**Required work**
When you spot the word "Hermee" in a line of the data below, copy that line.

[Data to use Boundary: Start]

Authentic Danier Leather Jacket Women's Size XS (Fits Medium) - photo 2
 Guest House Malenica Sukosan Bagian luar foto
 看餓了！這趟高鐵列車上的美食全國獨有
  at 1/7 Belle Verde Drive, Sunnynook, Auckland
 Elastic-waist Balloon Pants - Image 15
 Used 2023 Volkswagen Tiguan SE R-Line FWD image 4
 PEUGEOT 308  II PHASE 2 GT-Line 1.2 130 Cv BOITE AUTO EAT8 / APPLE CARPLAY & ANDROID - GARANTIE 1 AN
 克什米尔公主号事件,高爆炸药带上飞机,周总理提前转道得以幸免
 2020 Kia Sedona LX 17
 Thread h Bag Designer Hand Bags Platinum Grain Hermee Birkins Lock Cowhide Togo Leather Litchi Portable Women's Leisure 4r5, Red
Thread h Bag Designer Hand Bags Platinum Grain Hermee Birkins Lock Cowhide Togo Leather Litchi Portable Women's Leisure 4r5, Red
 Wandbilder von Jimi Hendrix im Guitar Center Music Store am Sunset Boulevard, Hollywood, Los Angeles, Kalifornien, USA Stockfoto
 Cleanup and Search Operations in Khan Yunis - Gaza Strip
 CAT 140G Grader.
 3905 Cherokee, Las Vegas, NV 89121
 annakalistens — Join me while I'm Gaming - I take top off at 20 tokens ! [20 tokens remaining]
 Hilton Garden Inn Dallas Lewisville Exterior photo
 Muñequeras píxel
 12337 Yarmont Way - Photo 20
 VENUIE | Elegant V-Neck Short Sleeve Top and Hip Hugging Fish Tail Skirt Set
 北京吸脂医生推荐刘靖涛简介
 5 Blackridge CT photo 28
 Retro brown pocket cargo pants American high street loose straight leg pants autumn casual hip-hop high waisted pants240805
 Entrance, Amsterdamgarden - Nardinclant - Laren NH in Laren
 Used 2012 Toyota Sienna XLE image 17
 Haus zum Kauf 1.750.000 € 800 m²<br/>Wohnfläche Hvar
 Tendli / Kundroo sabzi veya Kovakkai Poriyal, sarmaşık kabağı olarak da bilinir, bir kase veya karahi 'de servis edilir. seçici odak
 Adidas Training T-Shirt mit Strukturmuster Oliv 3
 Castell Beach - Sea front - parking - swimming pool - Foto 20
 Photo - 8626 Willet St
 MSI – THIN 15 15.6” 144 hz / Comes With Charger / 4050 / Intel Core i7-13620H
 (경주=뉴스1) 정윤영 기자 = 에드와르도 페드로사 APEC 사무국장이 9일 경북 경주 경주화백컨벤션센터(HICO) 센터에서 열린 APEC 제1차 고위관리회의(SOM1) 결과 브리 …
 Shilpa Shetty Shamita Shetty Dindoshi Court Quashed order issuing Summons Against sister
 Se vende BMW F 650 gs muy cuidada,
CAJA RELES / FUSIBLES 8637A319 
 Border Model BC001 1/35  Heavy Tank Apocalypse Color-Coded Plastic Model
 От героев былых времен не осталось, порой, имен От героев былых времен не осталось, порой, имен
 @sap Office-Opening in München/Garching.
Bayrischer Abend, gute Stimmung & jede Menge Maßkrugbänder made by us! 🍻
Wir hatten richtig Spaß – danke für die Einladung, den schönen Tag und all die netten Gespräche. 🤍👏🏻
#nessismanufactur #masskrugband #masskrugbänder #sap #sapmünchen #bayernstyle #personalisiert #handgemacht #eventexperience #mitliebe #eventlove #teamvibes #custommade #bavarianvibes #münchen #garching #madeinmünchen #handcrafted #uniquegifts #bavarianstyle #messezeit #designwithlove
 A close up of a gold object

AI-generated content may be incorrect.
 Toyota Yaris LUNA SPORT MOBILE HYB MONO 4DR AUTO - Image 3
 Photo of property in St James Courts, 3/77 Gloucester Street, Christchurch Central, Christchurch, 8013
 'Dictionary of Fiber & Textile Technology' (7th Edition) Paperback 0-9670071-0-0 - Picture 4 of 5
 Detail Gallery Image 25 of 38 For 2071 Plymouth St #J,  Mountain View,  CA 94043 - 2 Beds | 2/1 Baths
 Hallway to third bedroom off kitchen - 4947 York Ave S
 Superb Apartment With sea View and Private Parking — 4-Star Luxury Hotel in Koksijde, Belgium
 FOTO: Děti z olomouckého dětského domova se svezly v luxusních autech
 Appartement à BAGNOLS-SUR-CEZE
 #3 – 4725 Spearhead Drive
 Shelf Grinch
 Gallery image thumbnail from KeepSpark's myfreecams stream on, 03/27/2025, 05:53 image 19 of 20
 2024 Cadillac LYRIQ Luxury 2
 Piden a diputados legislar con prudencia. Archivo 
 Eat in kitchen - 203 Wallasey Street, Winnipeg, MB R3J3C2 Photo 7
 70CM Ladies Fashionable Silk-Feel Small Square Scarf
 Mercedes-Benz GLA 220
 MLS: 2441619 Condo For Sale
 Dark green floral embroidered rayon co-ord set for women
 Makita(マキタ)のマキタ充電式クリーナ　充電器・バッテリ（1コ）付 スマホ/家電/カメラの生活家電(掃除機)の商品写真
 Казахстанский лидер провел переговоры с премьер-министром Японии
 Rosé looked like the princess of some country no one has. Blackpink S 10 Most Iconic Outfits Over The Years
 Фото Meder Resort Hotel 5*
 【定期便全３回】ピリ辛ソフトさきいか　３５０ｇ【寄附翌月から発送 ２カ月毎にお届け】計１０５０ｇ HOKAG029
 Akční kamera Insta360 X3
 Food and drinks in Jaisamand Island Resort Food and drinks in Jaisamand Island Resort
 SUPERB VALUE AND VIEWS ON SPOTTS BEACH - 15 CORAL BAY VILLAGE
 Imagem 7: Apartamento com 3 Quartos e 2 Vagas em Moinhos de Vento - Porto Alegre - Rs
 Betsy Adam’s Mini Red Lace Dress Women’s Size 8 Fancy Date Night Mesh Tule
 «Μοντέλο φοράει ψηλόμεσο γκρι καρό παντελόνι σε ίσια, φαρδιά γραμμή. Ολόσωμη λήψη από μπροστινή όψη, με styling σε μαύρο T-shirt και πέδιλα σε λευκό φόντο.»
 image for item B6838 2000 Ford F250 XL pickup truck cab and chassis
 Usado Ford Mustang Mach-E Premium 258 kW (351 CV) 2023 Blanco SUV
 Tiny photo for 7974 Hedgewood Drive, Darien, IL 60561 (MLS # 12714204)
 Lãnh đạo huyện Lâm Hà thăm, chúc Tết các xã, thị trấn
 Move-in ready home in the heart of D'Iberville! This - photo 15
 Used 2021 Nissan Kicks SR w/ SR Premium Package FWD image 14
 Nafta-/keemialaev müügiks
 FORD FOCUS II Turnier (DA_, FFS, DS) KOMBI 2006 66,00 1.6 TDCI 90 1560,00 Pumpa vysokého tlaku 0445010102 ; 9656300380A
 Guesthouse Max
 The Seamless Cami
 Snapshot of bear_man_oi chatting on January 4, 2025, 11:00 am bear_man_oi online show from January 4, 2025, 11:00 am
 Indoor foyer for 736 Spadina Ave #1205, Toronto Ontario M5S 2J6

[Data to use Boundary: End]

**Written solution**
 Thread h Bag Designer Hand Bags Platinum Grain Hermee Birkins Lock Cowhide Togo Leather Litchi Portable Women's Leisure 4r5, Red
Thread h Bag Designer Hand Bags Platinum Grain Hermee Birkins Lock Cowhide Togo Leather Litchi Portable Women's Leisure 4r5, Red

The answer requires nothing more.